Comment envoyer son manuscrit à un éditeur


Le dilettante
Originally uploaded by ClydeHouse

Dilettante_clydehouse_flickr "J' ai envoyé un recueil de nouvelles aux éditions du Dilettante qui a dû leur parvenir le 15 mai. Comme je suis impatiente de recevoir une réponse (!), j'aimerais savoir combien de temps après l' envoi de votre manuscrit vous avez reçu leur réponse. Selon leur site, il faut patienter entre un et deux mois.

Je n' ai pas envoyé mon manuscrit avec accusé réception.

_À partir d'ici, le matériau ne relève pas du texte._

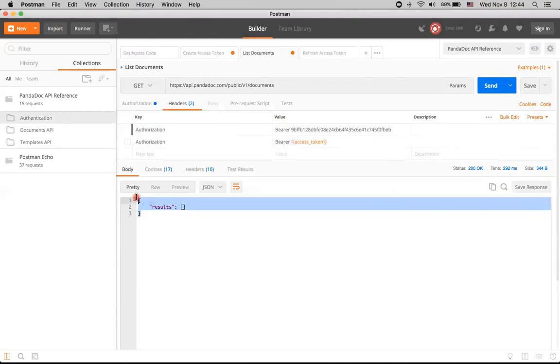So it was a quick overview of authentication in Pandadoc API. And thank you for your attention.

A votre avis, devrais-je les rappeler pour savoir s' ils ont bien reçu mon manuscrit ?", m'écrit une lectrice.

Ah, l'impatience des wannabes! J'étais pareille quand j'ai envoyé mon roman pour la première fois: je surveillais ma boîte aux lettres et mon téléphone en permanence.

Back to reality: il suffit de faire preuve d'un peu d'imagination et d'essayer de vous mettre à la place d'un éditeur. Vous croyez vraiment que votre roman l'intéresse? Une maison d'édition, même de taille modeste, reçoit des dizaines de manuscrits par jour. Dans le meilleur des cas, un stagiaire est vaguement en charge de les parcourir. Dans le pire, votre précieux roman partira directement à la poubelle.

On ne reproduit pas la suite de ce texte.